Distância de resgate, de Samantha Schweblin (Argentina)
O romance de estreia da escritora argentina, publicado no país em 2014, chegou ao Brasil dois anos depois. Esta obra narra o sombrio cotidiano de uma comunidade rural cujas vidas estão envoltas na realidade do agronegócio.
Uma das protagonistas, Amanda, chega ao local como visitante e tenta proteger sua filha, Nina, após conhecer Carla e seu filho David, uma criança considerada sobrenatural após beber água contaminada por agrotóxicos.
Em uma atmosfera densa e insólita, Distância de resgate explora o tema da maternidade e o título pode ser interpretado como uma pergunta: existe distância segura entre as mulheres e seus filhos diante de uma ameaça tão poderosa e invisibilizada como o agronegócio?
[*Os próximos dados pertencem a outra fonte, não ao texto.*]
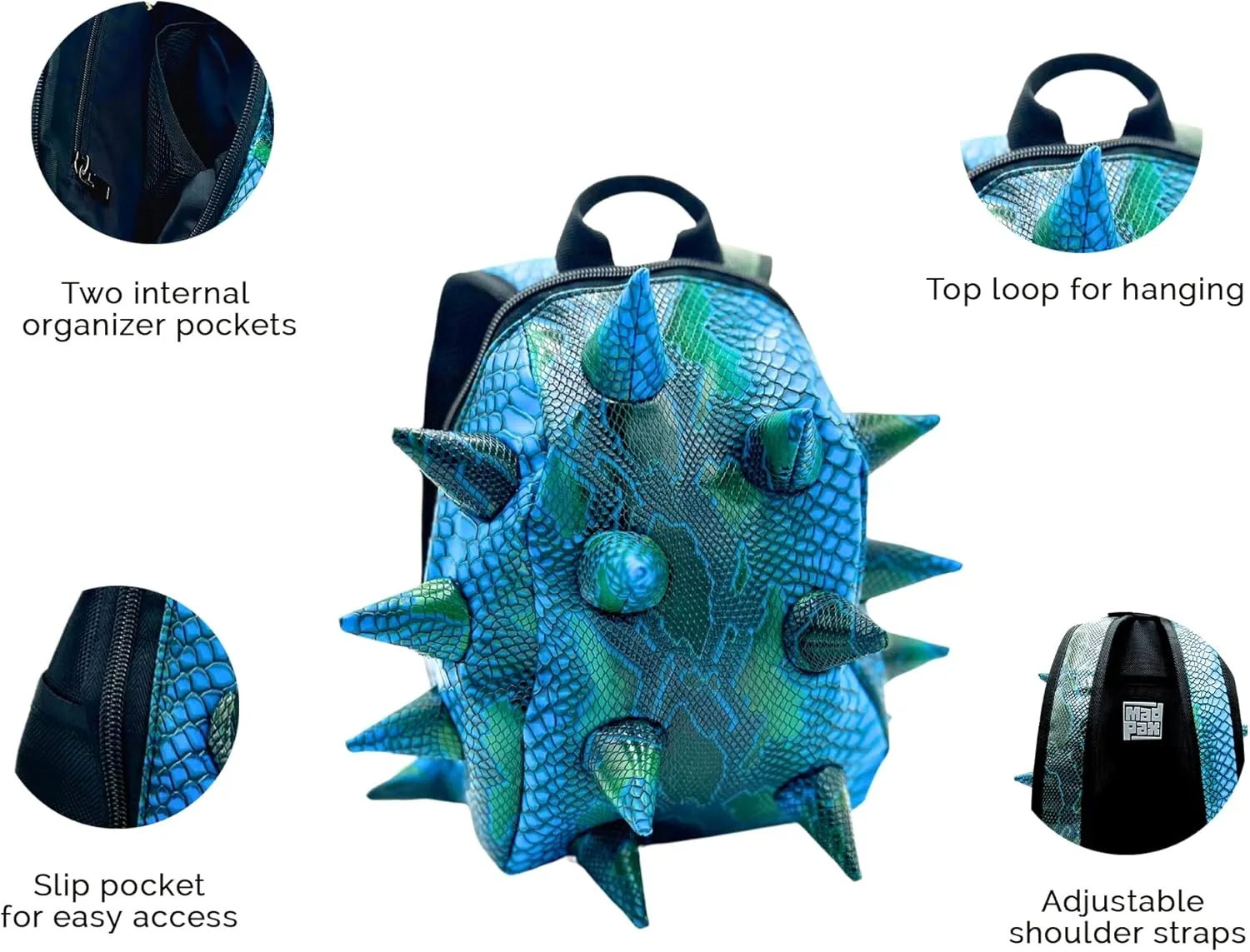Blue Mamba Spike Mini Travel Backpack | Edgy Faux Leather Bag with Spikes, Compact Design, Durable & Water-Resistant | Ideal for Everyday Use, or Work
De Schweblin, considerada uma das melhores escritoras contemporâneas da Argentina, também foi publicado no Brasil seu livro de contos Pássaros na boca (editora Benvirá, 2012).
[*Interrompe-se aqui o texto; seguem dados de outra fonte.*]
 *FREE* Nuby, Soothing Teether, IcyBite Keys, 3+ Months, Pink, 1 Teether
O país das mulheres, de Gioconda Belli (Nicarágua)
A escritora nicaraguense Gioconda Belli é conhecida no Brasil principalmente por seus poemas e por sua atuação política durante a Revolução Sandinista, e tem dois romances traduzidos no nosso país, A mulher habitada (Record, 1992) e, o mais recente, O país das mulheres, de 2010, publicado pela editora Verus em 2011.
Nesta obra, a história do país fictício latino-americano Fáguas, governado pelas integrantes do Partido da Esquerda Erótica (PEE), é contada por sua presidenta, Viviana Sansón – vítima de um atentado –, em uma narrativa crítica e bem humorada sobre como poderia ser um país dirigido inteiramente por mulheres.
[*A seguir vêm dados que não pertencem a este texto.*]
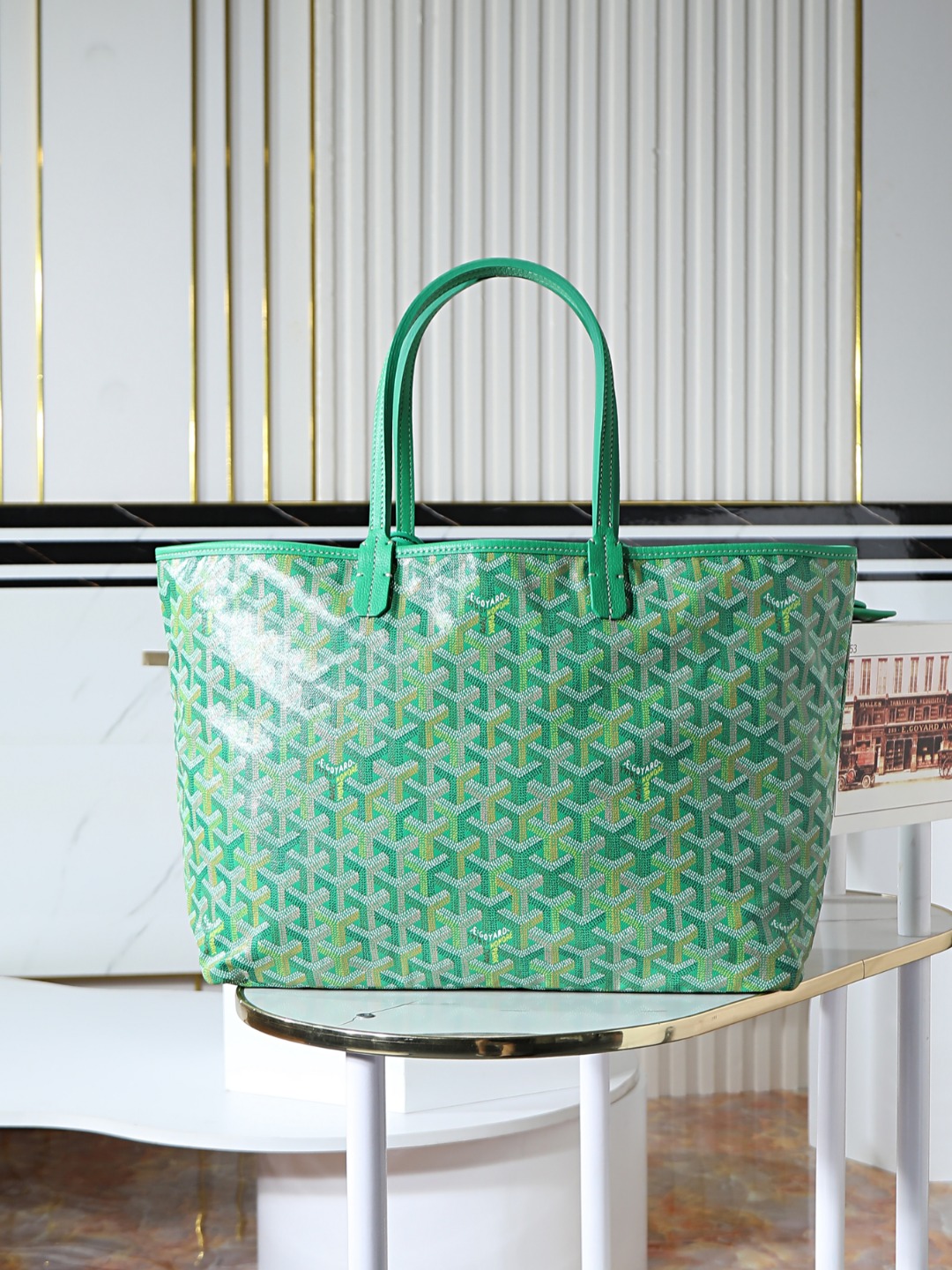 34CM GOYARD 戈雅托特 Saint Louis  (Canvas and Leather) — Small Tote Bag-F0-STLCROPMLTY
Jamais o fogo nunca – Diamela Eltit (Chile)
Publicado no Brasil em 2017, quando a escritora chilena veio ao país para participar da Feira Literária Internacional de Paraty (FLIP), Jamais o Fogo Nunca, seu romance de 2007, foi considerado pelo jornal El País um dos 25 melhores livros em língua espanhola dos últimos 25 anos.
Nesta obra, a protagonista é uma sobrevivente do regime militar, que recompõe fragmentariamente, no espaço do quarto compartilhado com seu marido, suas memórias da prisão, da tortura, estupro e da perda de um filho no período.
Essas experiências marcadas no corpo da personagem são as experiências de muitas mulheres vítimas da tortura nos regimes militares do continente. Como afirmou Nilcéa Freire, ex-ministra de Políticas para as Mulheres no Brasil: “Para fazer de uma mulher uma vítima de tortura é preciso não apenas que seu algoz retire dela toda a sua dignidade como ser humano, mas que estraçalhe a sua ‘humanidade feminina'”.
Também está publicado no país uma coletânea de texto da autora, A máquina Pinochet e outros ensaios (e-galáxia, 2017).
Árvore de Diana, de Alejandra Pizarnik (Argentina)
Com esta obra publicada pela Relicário Edições, junto com Os trabalhos e as noites, as poesias da escritora argentina chegam pela primeira vez ao Brasil em 2018, em uma edição bilíngue.
Árvore de Diana foi publicado no segundo ano de estadia da autora na França e em muitos de seus poemas a voz feminina se acerca ao silêncio e ao deslocamento que, para além da territorial, tem a ver com uma forma de estar no mundo em desacordo com as normas, como em um de seus poemas:
“um espreitar a partir da sarjetapode ser uma visão do mundoa rebleição consiste em olhar uma rosaaté pulverizar os olhos”
Seu conto A condessa sangrenta foi publicado no país em 2011 (editora Tordesilhas).